佐賀県内の名作家たちの器が並んだ会場=唐津市新興町の唐津市近代図書館

 佐賀県陶芸協会(今泉今右衛門会長)の作品展が10日、唐津市近代図書館で始まった。名作家が手掛けた花器や茶器など、大ぶりな器が並び、華やかな会場となっている。20日まで(14日は休館)。

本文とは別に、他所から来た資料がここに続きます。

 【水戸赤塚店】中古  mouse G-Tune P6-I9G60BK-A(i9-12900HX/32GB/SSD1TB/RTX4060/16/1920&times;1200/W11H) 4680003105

 これまで佐賀市の県立美術館を会場に開いてきたが「広く県内の人に見てもらおう」と、今年から佐賀市外での開催となった。協会事務局の担当者は「唐津焼の文化が息づく地で県内の名だたる作家たちの作品展を開催できるのは意義深い」と話した。

 会員62人のうち49人が1点ずつ出品。昨年3月に亡くなった青磁の人間国宝中島宏さんの遺作「青瓷彫文壷(せいじちょうもんつぼ)」も並ぶ。「中島ブルー」と呼ばれる深い青色の上に貫入や彫って描いた文様が走り、複雑な景色をつくり出している。

 「叩き青唐津壷」は、協会副会長を務める中里太郎右衛門さんの作品。黄土色の表面を草色の釉薬が滴るように流れている。

 会場を訪れた市内の池田明史さん(81)は「期待する作家の作品を見るのは楽しい。どれも素晴らしく感銘を受けた」と話した。